▶ **Directions for this task**: Leave the pictures out and restate every line below exactly.

▶ **Source data**:
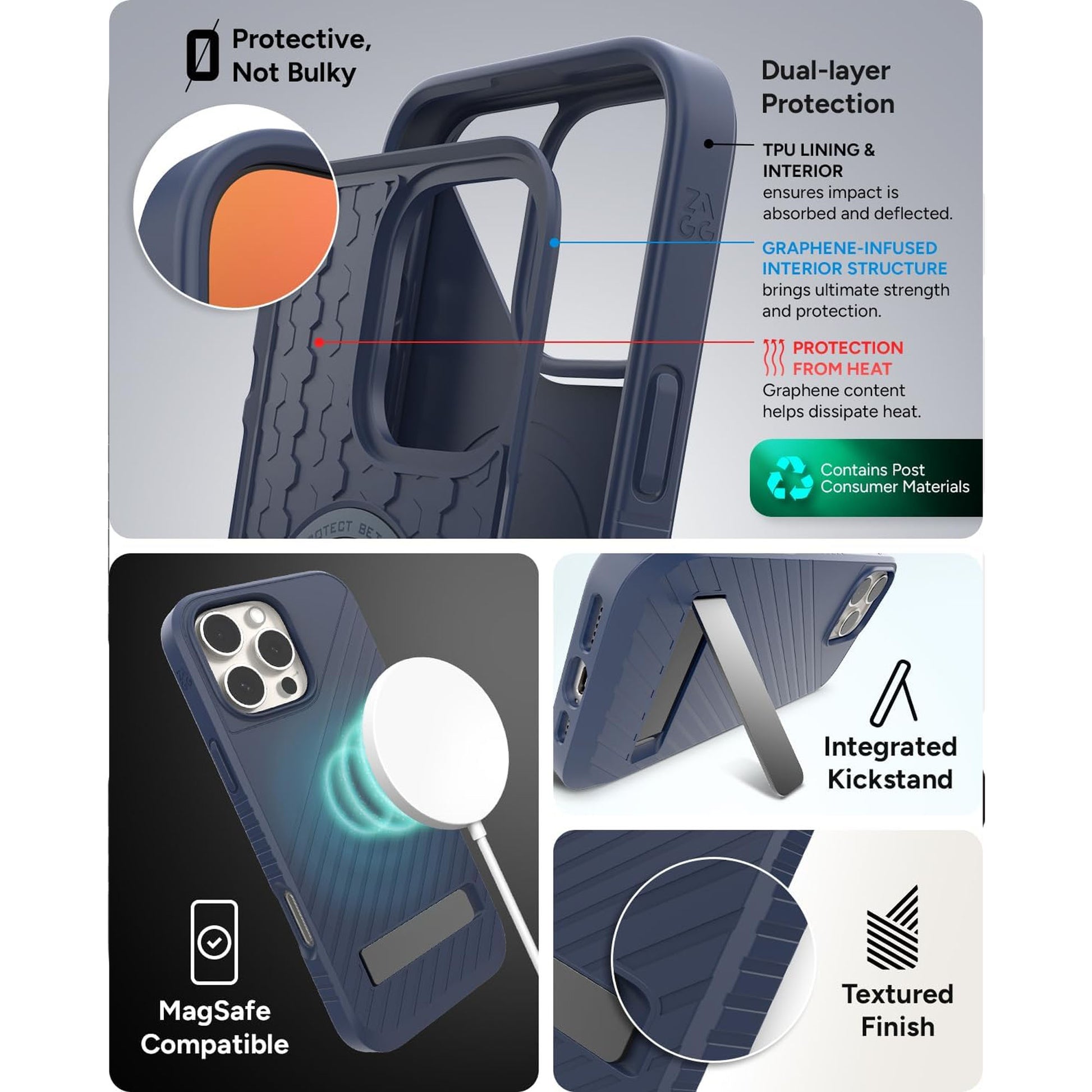 ZAGG Denali Snap Kickstand for iPhone 16 Series - MagSafe Compatible - Forexengineer -Malaysia- 840390320896-840390320889-840390320933-840390320926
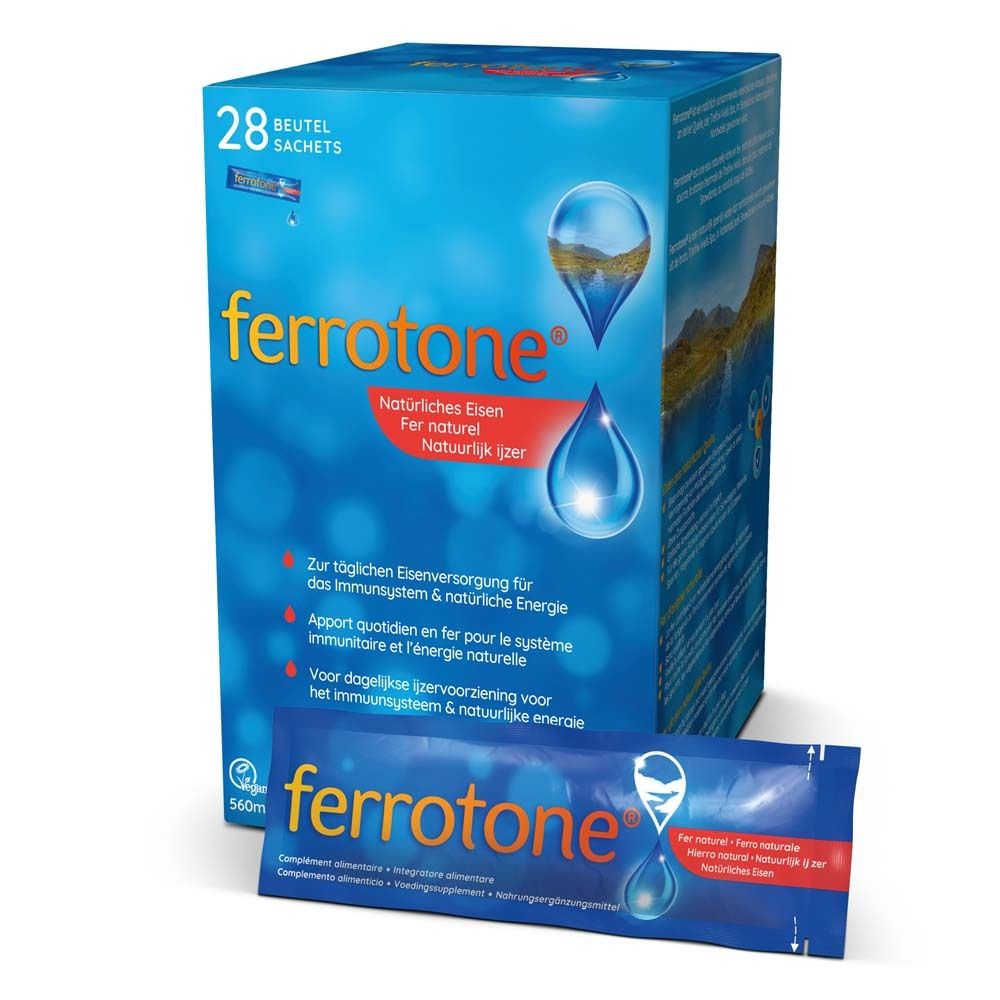 Blau-weiße Schachtel mit ferrotone®-Logo und 28 Sachets. Text: Natürliches Eisen, Fer naturel, Natuurlijk ijzer.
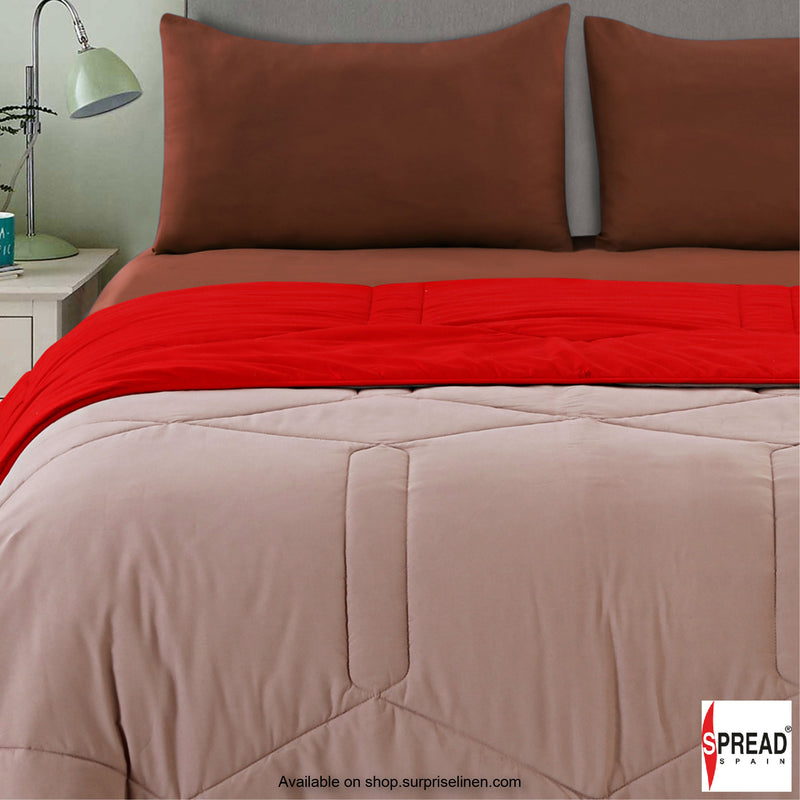 Spread Spain - Vibgyor Soft and Light Weight Microfiber Reversible AC Quilt/Comforter (Red)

▶ **Solution to the exercise**:
 ZAGG Denali Snap Kickstand for iPhone 16 Series - MagSafe Compatible - Forexengineer -Malaysia- 840390320896-840390320889-840390320933-840390320926
 Blau-weiße Schachtel mit ferrotone®-Logo und 28 Sachets. Text: Natürliches Eisen, Fer naturel, Natuurlijk ijzer.
 Spread Spain - Vibgyor Soft and Light Weight Microfiber Reversible AC Quilt/Comforter (Red)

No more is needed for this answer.